San Francisco CA: Ya Gotta Experience Lombard Street Print

Guest Senior Venturer YLH, Chicago IL: The one thought I always have when visiting that one crazy block of Lombard Street is: the people who live in these houses must be really tired of seeing hordes of climbing tourists. Worse, lines of creeping sightseeing cars jamming their street every hour of every day and night.

Actually the city's Lombard Street is not confined to this one block, but the famous spot is a one-way meander between Hyde and Leavenworth Streets. It features eight very sharp zigzags, and boasts "the crookedest street in the world". Of course, any Washington DC street where politicians roam is certainly much more crooked in theory, if not actuality. The crooked quarter-mile block was developed about 90 years ago when a builder first erected houses on that craggy Lombard steep hillside. His idea was to stagger the street because it was on an almost 30 degree grade.

At the time almost impossible for rickety, top-heavy 1920s cars to drive up, it became a one-way, bright-red brick and cobblestone-paved street, and driving downward became the only direction. Even today, it can be hazardous for cars to descend, and signs all over the street warn drivers to stay within the five-mile-an-hour limit or they could be ticketed or cause accidents.

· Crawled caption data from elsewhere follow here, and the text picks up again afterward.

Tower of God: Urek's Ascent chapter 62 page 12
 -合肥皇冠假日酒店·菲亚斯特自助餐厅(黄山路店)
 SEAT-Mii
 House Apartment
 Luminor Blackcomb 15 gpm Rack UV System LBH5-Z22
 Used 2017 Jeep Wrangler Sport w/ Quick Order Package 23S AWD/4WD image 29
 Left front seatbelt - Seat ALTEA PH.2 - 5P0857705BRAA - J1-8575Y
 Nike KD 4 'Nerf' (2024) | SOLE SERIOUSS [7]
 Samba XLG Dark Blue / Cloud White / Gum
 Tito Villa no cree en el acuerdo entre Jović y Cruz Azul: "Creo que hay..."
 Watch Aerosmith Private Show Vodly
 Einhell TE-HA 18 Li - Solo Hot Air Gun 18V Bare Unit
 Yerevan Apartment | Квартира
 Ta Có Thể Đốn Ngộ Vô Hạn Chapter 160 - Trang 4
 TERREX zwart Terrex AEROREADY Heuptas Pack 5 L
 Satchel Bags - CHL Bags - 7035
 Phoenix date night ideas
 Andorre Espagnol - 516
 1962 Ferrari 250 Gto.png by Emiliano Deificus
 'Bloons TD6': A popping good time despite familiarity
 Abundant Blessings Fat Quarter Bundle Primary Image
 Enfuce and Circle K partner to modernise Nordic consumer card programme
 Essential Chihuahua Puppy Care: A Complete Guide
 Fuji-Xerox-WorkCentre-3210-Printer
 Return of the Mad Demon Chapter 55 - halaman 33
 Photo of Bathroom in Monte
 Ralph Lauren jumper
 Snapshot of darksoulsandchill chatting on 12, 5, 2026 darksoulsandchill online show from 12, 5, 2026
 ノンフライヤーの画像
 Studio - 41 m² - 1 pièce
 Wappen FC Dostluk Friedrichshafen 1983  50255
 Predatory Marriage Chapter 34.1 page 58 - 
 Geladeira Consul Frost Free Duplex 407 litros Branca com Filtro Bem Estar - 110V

Of course, pedestrians can walk it either way, and it takes a hardy climber to make it from bottom to top. We were there about a year ago, standing at the little garden plot at the bottom, snapping and selfing away along with all the other tourists.

Then, a troop of Boy Scouts arrived. After a pep talk from their leader, with flag unfurled, they began a quick ascent. We seniors decided to follow them, but made it only about half way. However, the boys carried their flag to the top and stood triumphant like the Marines on Iwo Jima.

Just as a matter of curiosity, I checked prices of the homes when they were first offered in the 1920s. For the large, two-story structures, the price was between $11,000 and $15,000, a fairly high figure for that time, when the average American home cost $5,000. For-sale ads today list them from $2 million and up.